Lu was staring at me, but I knew she didn’t see me. Whatever was going on in her mind was deep, closed off. I was good at reading her, had spent a lifetime reading her moods, but the woman in front of me could have been a stranger.

I worked on my breathing. Keeping it easy. Steady.

“Witches,” she said, gaze snapping into focus as she came back from that distant place.

“Two,” I said. “One brought a flyer for a local bar and ice cream coupons. The other was waiting in our room to patch me up.”

“What do they want?”

“To make friends with me!” Abbi said.

I hummed. “Maybe that. And, you’ll be surprised to hear this, they want to give us what we’re looking for if we give them something.”

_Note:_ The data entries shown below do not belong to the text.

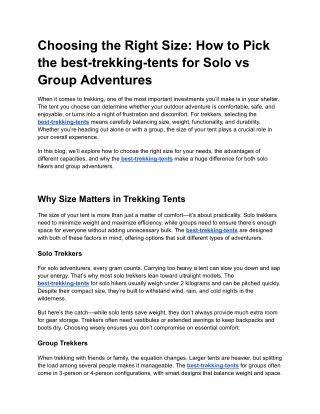 Choosing the Right Size: How to Pick the best-trekking-tents for Solo vs Group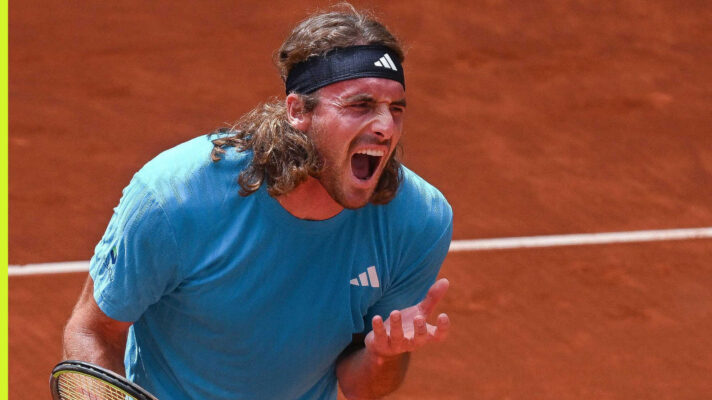 Pictured: A frustrated Stefanos Tsitsipas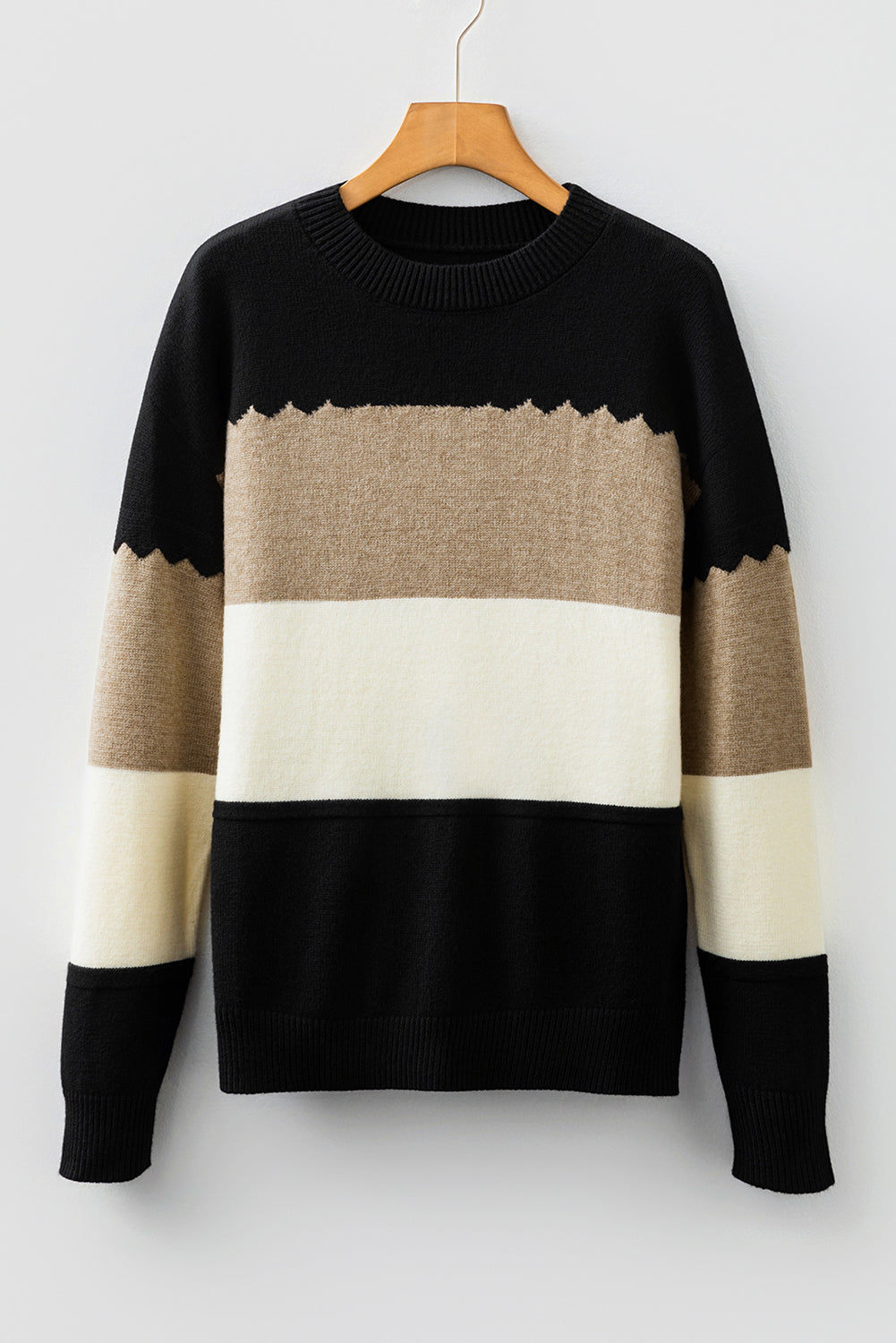 Black Colorblock Crew Neck Drop Shoulder Sweater
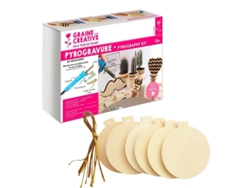 Caja de pirograbado bolas navideñas de madera para colgar GRAINE CRÉATIVE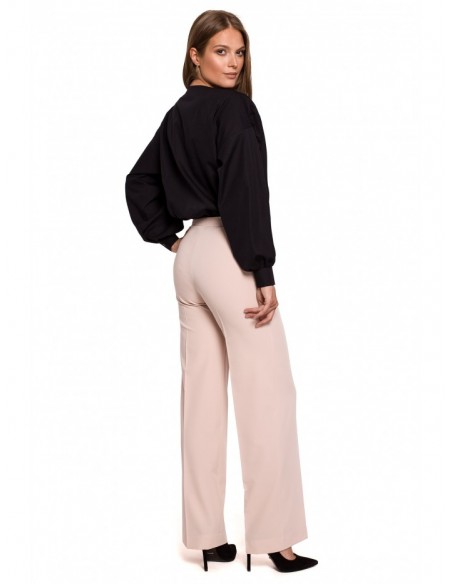 K114 Classic straight-leg trousers - beige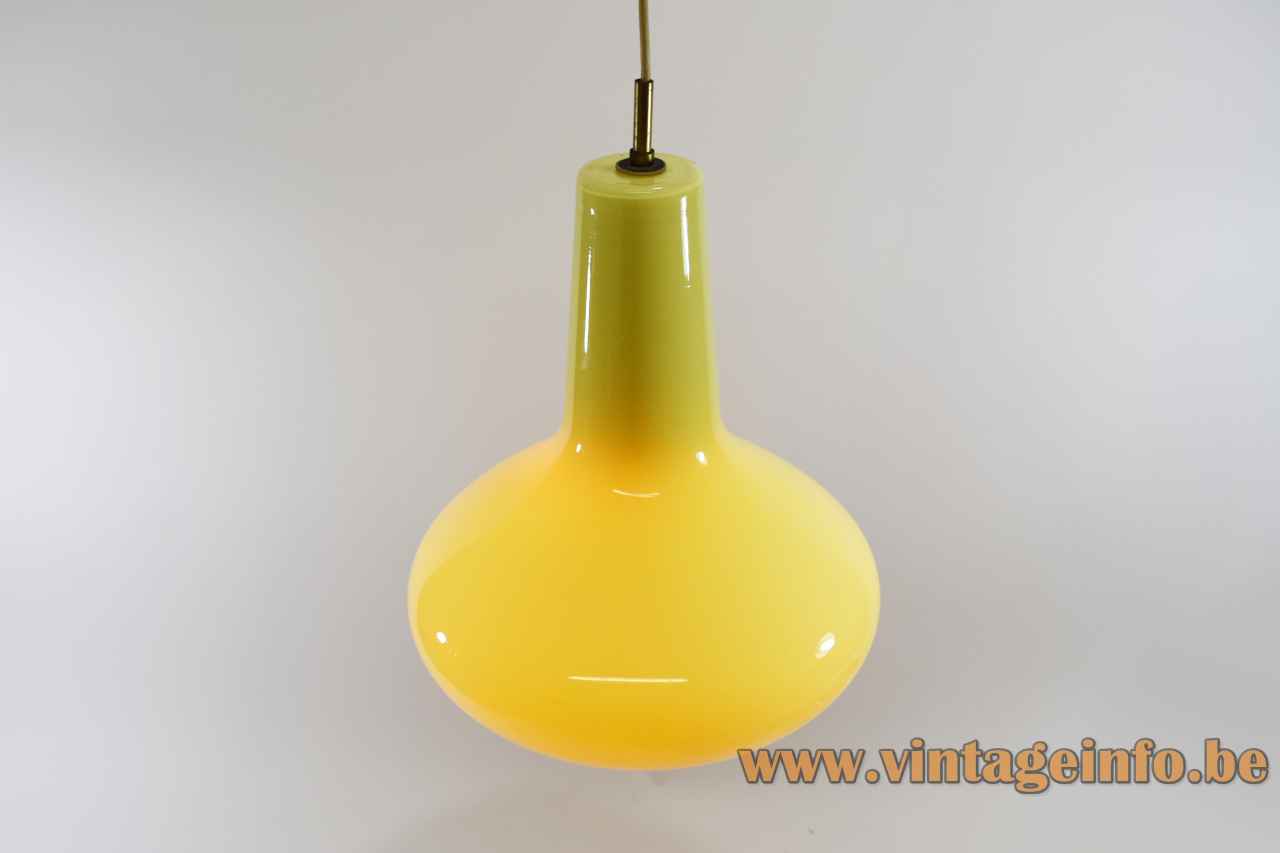 Massimo Vignelli Venini Murano pendant lamp yellow hand blown round convex glass lampshade 1950s 1960s Italy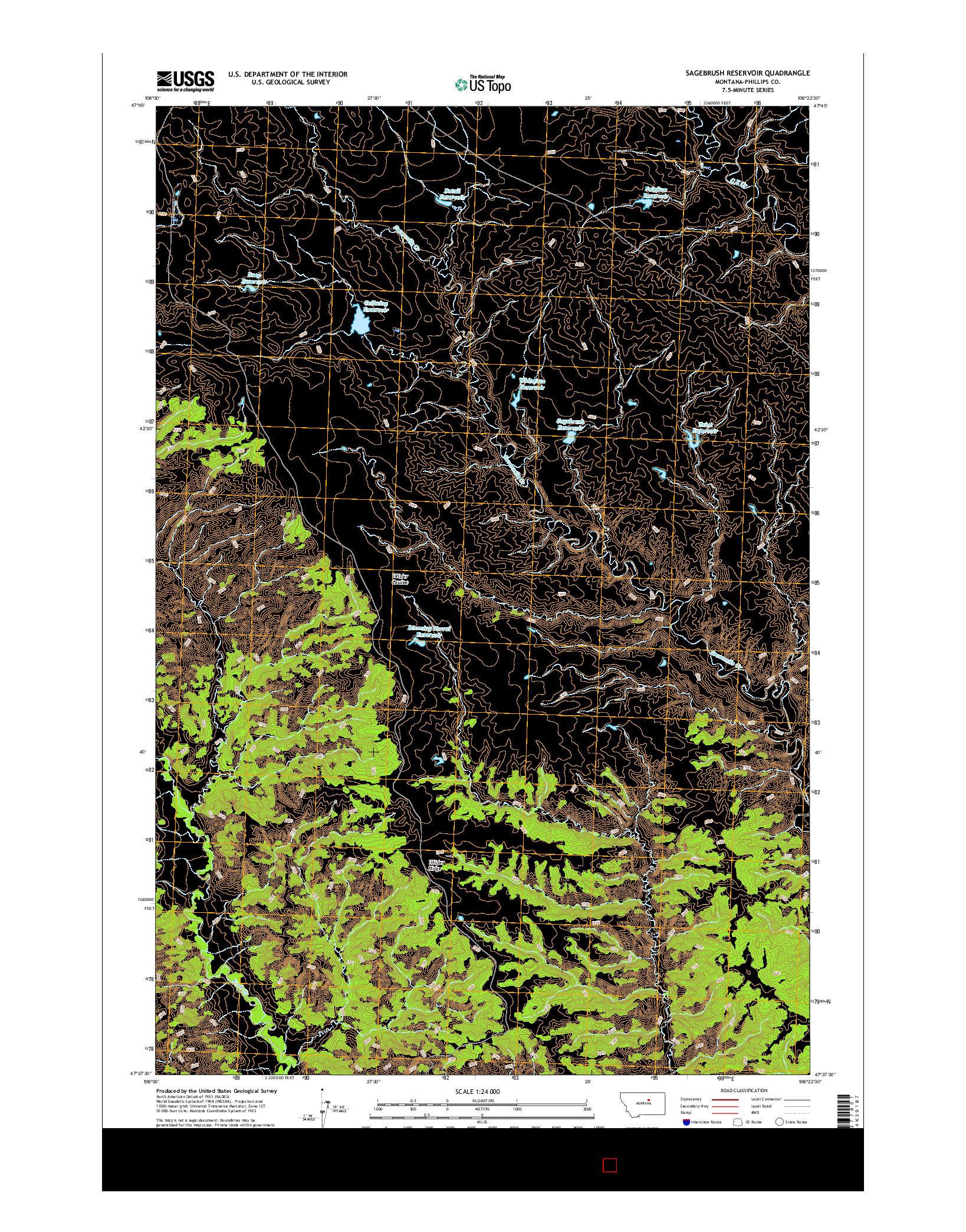 USGS US TOPO 7.5-MINUTE MAP FOR SAGEBRUSH RESERVOIR, MT 2017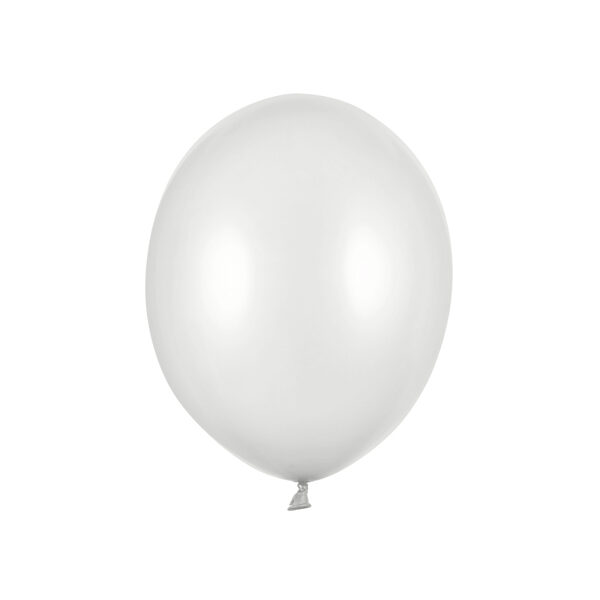 Balony Strong 23cm, Metallic Silver Snow (1 op. / 100 szt.)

Lu pressed her thumb to her temple as if a headache were building there. “The book?”

“The book. They said they don’t know what we’re looking for, but they can still find it. They want something from us in return.”

“What do they want?” she asked.

“Would it be so impossible to walk away from this?” I asked. “Drive somewhere. Anywhere but here?”

“Brogan,” she said softly. “Just tell me. What do the witches want from us?”

Running away from our past wouldn’t change our past, and it wouldn’t change who we had become. I knew that. It had been a foolish hope.

“They want our help with a vampire.” I cleared my throat. “Who they think is the vampire who attacked us all those years ago.”

Lula’s pupils went wide, a hunter scenting prey. Nothing else about her changed, but I could feel it, her hunger for blood, her hunger for violence. For revenge.

She stood. “Let’s go make a deal with the witches.”

CHAPTER TEN

Abbi insisted we all take a nap, even Lula, since the bar wouldn’t be open for a few hours.

I hadn’t thought anyone could make Lula sleep, but Lu agreed to lie down beside me on the lumpy bed. She’d fallen asleep almost immediately. I suspected Moon Rabbit magic was involved, but didn’t ask.

Lu hadn’t been sleeping much or well. Neither had I.

I pushed at the pillow under my head, then dropped it beside me so I could prop my injured arm on it.